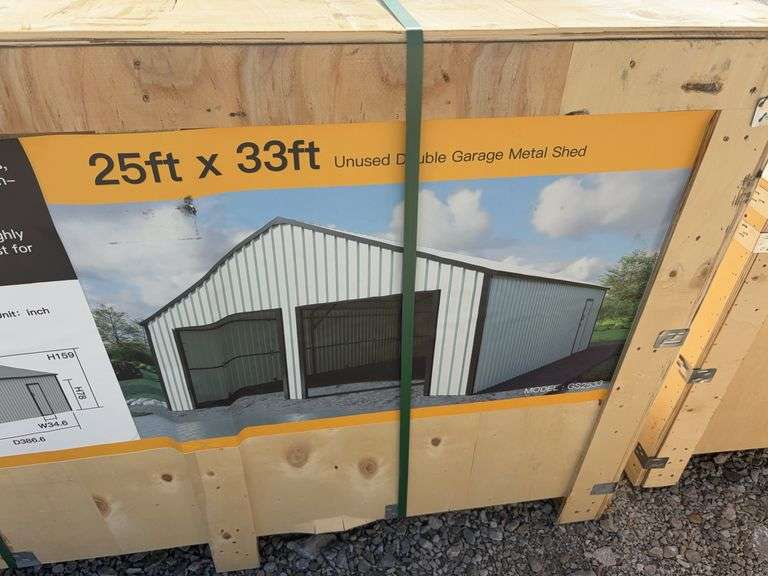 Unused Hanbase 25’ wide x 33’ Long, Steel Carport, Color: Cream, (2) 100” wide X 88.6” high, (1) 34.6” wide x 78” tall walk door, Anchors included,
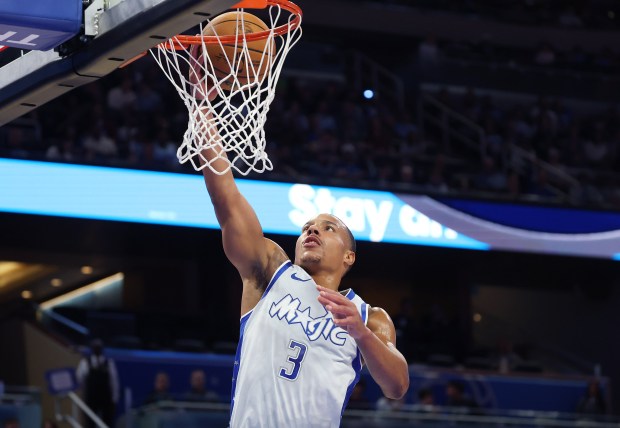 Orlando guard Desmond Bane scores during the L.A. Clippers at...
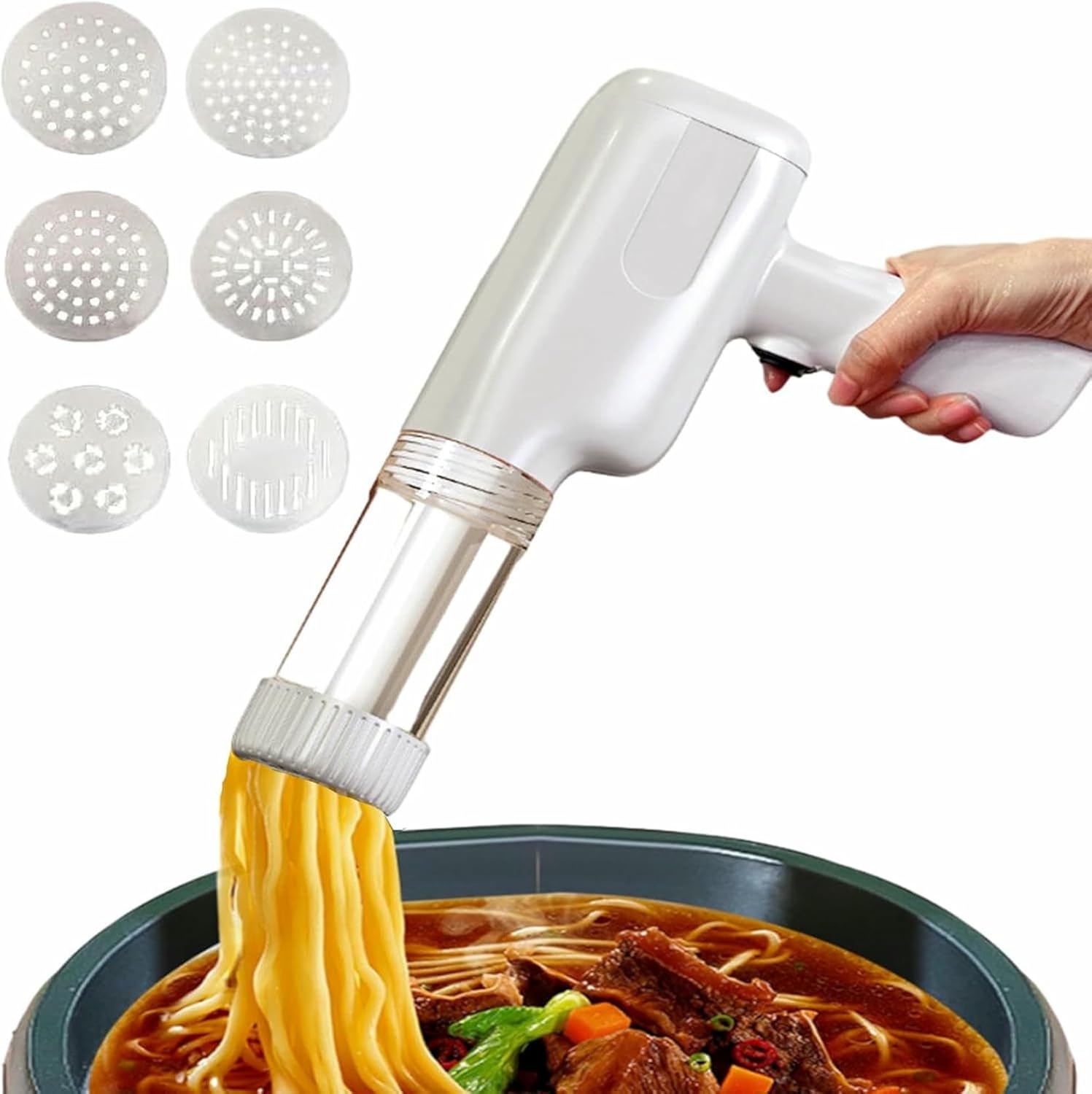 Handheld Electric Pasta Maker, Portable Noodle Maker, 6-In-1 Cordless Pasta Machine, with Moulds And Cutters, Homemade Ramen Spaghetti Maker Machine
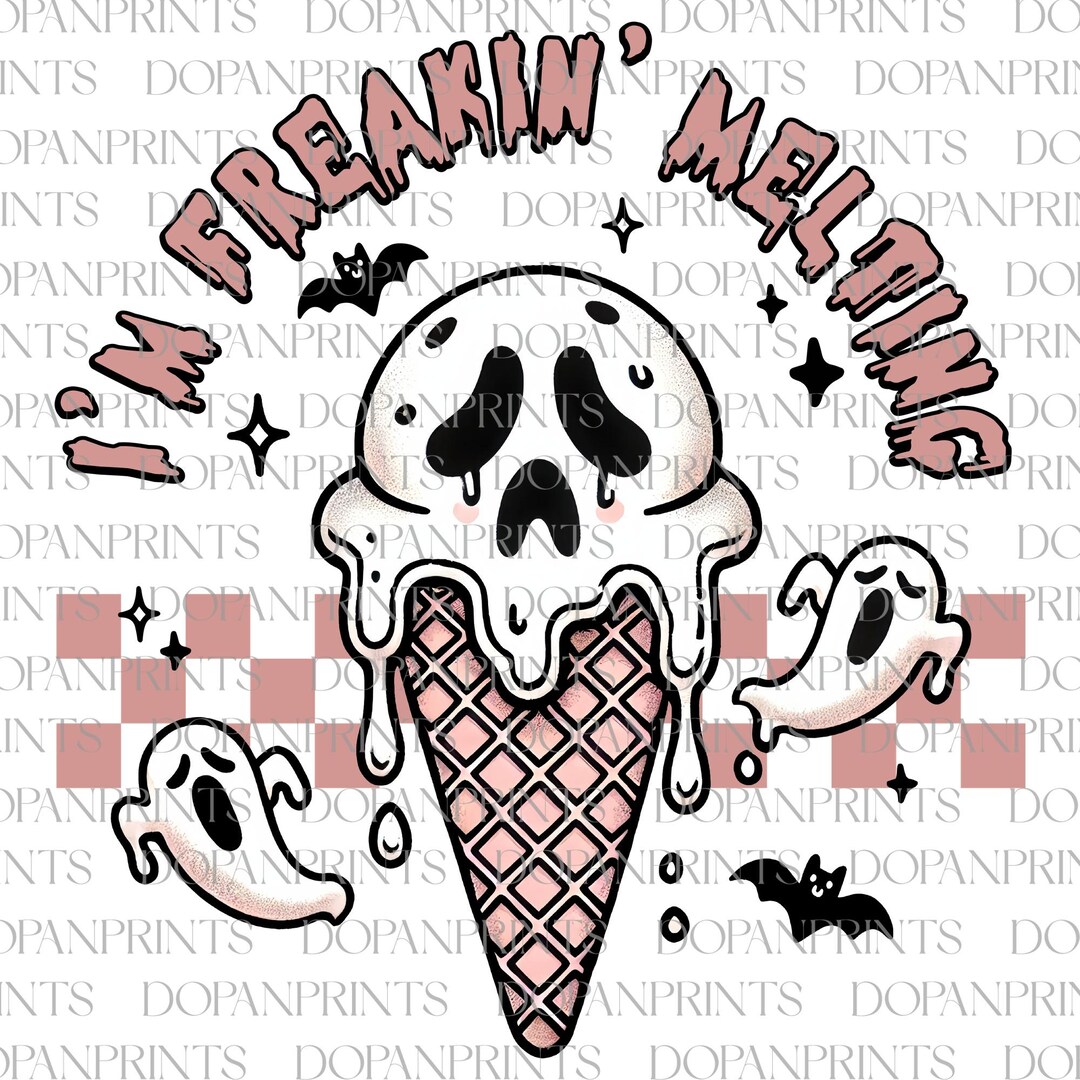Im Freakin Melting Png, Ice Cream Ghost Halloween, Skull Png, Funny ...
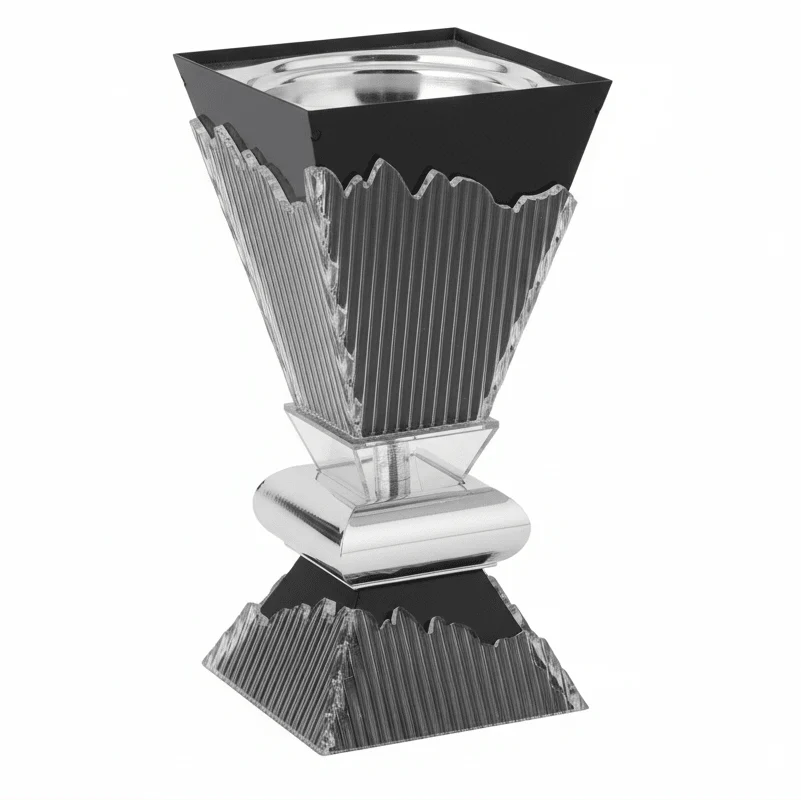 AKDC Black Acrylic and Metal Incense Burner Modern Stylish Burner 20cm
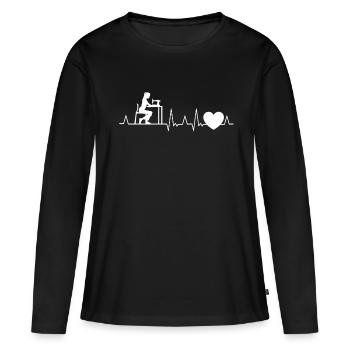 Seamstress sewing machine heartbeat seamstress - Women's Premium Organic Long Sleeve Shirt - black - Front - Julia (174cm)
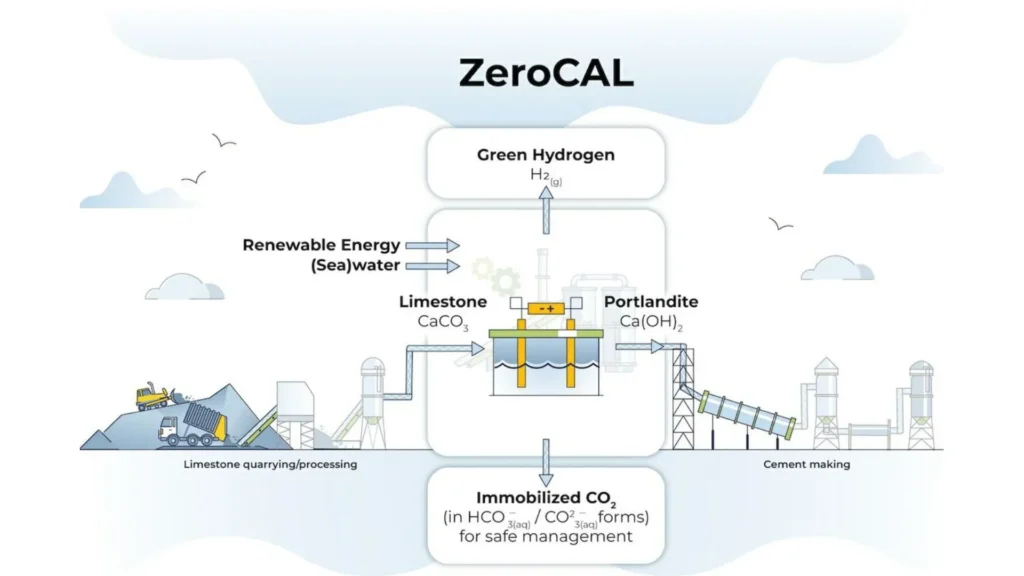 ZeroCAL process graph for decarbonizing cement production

> _Aim of the exercise_
Restate the listing word for word, pictures excluded.

> _Answer for this exercise_
 Unused Hanbase 25’ wide x 33’ Long, Steel Carport, Color: Cream, (2) 100” wide X 88.6” high, (1) 34.6” wide x 78” tall walk door, Anchors included,
 Orlando guard Desmond Bane scores during the L.A. Clippers at...
 Handheld Electric Pasta Maker, Portable Noodle Maker, 6-In-1 Cordless Pasta Machine, with Moulds And Cutters, Homemade Ramen Spaghetti Maker Machine
Im Freakin Melting Png, Ice Cream Ghost Halloween, Skull Png, Funny ...
 AKDC Black Acrylic and Metal Incense Burner Modern Stylish Burner 20cm
 Seamstress sewing machine heartbeat seamstress - Women's Premium Organic Long Sleeve Shirt - black - Front - Julia (174cm)
 ZeroCAL process graph for decarbonizing cement production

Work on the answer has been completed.